About a week ago, singer/songwriter Frank Ocean released a new single entitled “Chanel”. This release came somewhat suddenly, without many knowing about the release in advance. His song, which obviously uses the brand Chanel as its very foundation, sparked a bit of conversation concerning the exact intent of this brand reference. This conversation gained momentum when Chanel released pictures on their Instagram referencing Frank Ocean and his new song. People began wondering if this could signify a collaboration between the singer and designer label. This is a reasonable question to be asking, especially at a time in fashion where collaborations are a hot-ticket item (think Louis Vuitton + Supreme’s recent collaboration announcement).  But what exactly would a collaboration between the french fashion powerhouse and r&b/ rap singer entail?
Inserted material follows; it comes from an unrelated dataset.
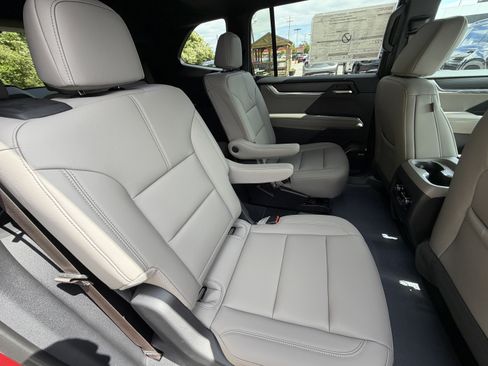 New 2026 GMC Acadia Elevation w/ Elevation Premium Package FWD image 18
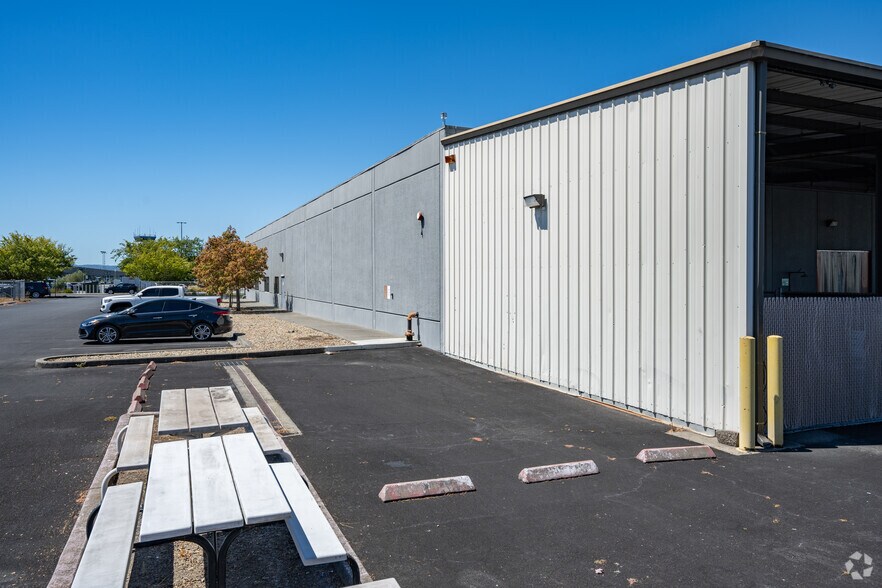 3780 Flightline Dr, Santa Rosa, CA à louer - Photo de l’immeuble – Image 3 sur 4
Evan Ross Katz wrote for Mic.com about this very topic in his article “Are Frank Ocean and Chanel collaborating? Cryptic Instagrams suggest maybe so”. Most people, even those who are unfamiliar with fashion or designer labels know, Chanel’s logo of the interlocking C’s is world-famous. In Frank Ocean’s song, he uses the line “I see both sides like Chanel” in his chorus. This line is clever given the word-play with “see” and the letter “c”, but this line would mean nothing if people weren’t familiar with the brand’s iconic logo. As Evan Katz explains in the quoted sentence above, Chanel’s interlocking Cs is quite possibly one of the most iconic fashion images to emerge over the past century. Not only is Evan Katz accurate in what he’s saying, but the complexity of the sentence which he writes is also interesting. His sentence is a longer one, which he breaks apart by using commas and a dash. He begins with an independant clause, which he followed by two dependent clauses joined together by the dash. Its almost to give reference to the fact that Frank Ocean’s song itself is rather complex, even though some may discount that given the title is a designer brand name.